Abstract
Presentation Description :
Despite decades of progress in understanding retinal mechanisms and function, relatively little is known about how the retina processes natural images. Understanding vision in natural conditions presents important conceptual and technical opportunities. First, it provides an unusually strong opportunity to relate circuit mechanisms to computations of behavioral significance. Second, understanding how the retina encodes natural inputs is necessary for understanding the division of labor between retinal and cortical circuits. Third, engineering approaches to restore vision require better models of natural vision.
I will describe recent work probing how the receptive field (RF) surrounds of primate retinal ganglion cells (RGCs) integrate spatial structure in natural inputs. We find a strong asymmetry in the impact of spatial structure in the RF surround on responses of On and Off parasol RGCs: spatial structure decreases responses of Off parasol RGCs, as expected from classic center-surround antagonism, but increases responses of On parasol RGCs.

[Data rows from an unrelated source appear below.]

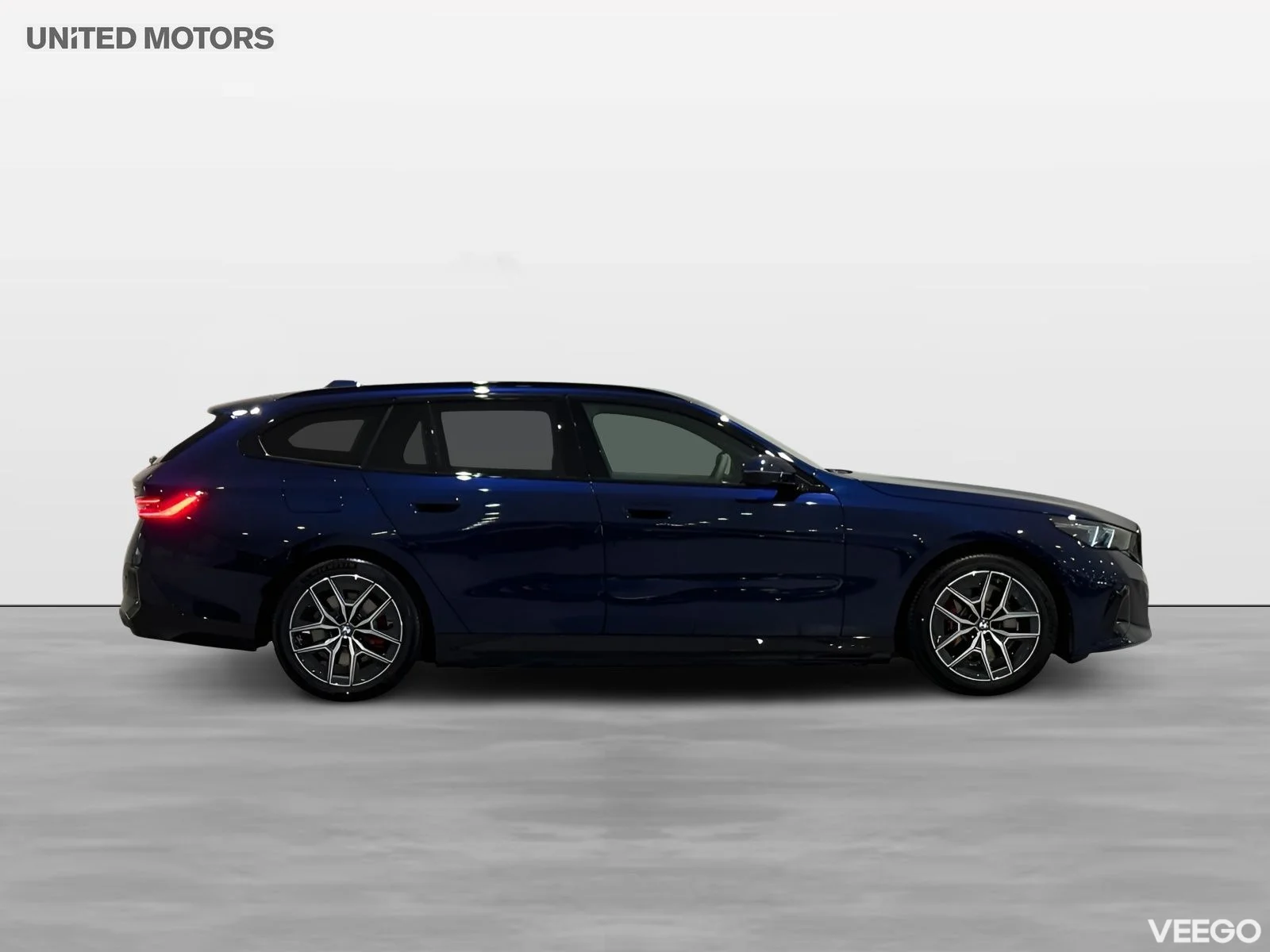 BMW 530 xDrive Touring M Sport Business Drag HUD H/K Adpt Farth 0kW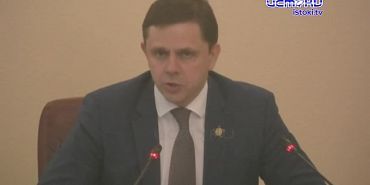 Конструкции-нелегалы и хулиган, который настойчиво бьет стекла на остановке у бывшего Дормаша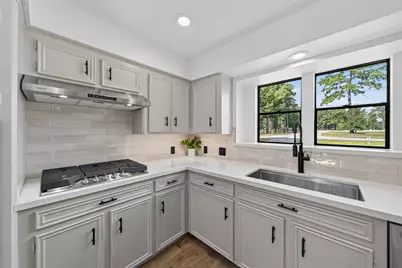711 Baker Drive, Tomball, TX 77375 - Photo 11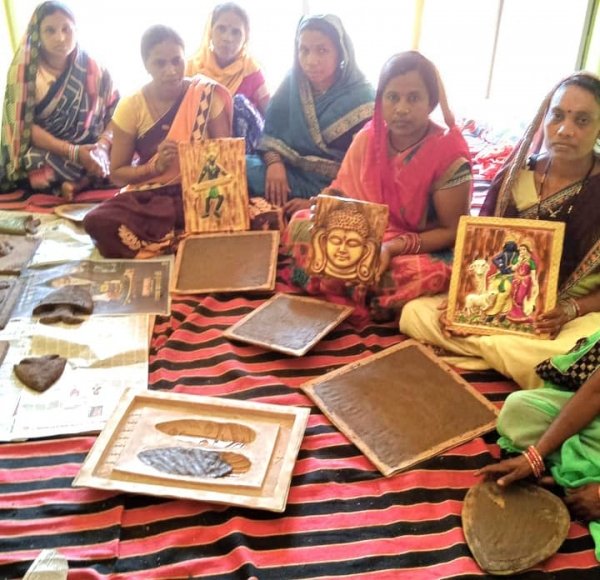 सफलता की कहानी : स्व सहायता समूह की महिलाएं बना रहीं गोबर से मूर्तियां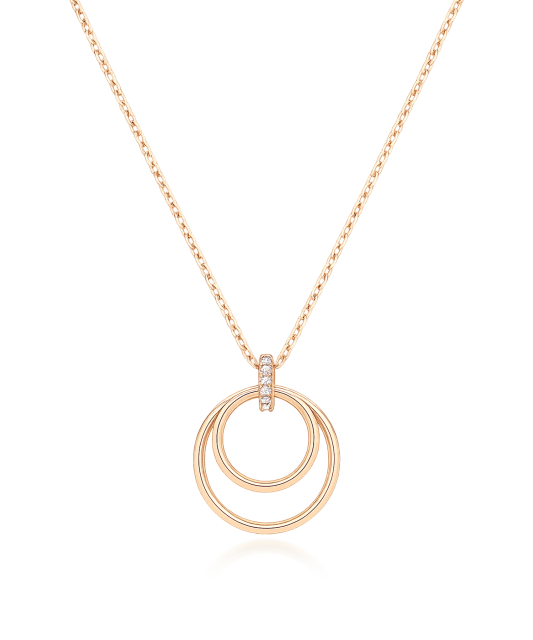 Gold chain with zirconium pendant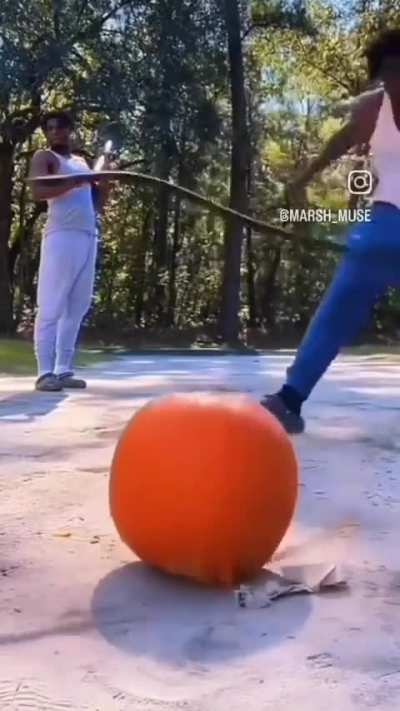 DONG 
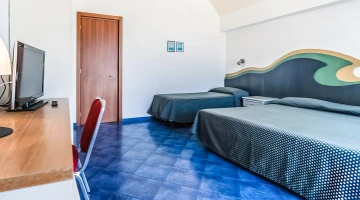Superior room with double bed and single bed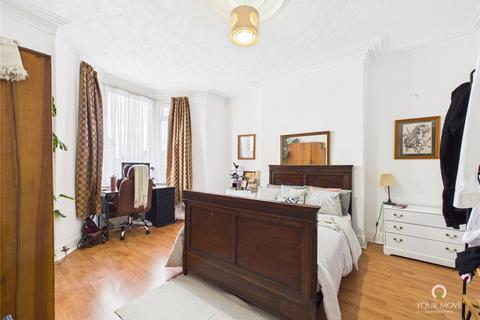2 bedroom flat for sale, Rawling Road, Gateshead NE8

As a result, On parasol RGC RFs differ substantially for spatially-homogeneous spots vs spatially-structured inputs such as gratings. The On/Off difference in integration of spatially-structured input in the classical RF surround has a significant impact on how natural images are encoded. Specifically, spatial structure in the classic surround suppresses responses of Off RGCs to natural inputs but can enhance responses of On RGCs.
This abstract was presented at the 2024 ARVO Annual Meeting, held in Seattle, WA, May 5-9, 2024.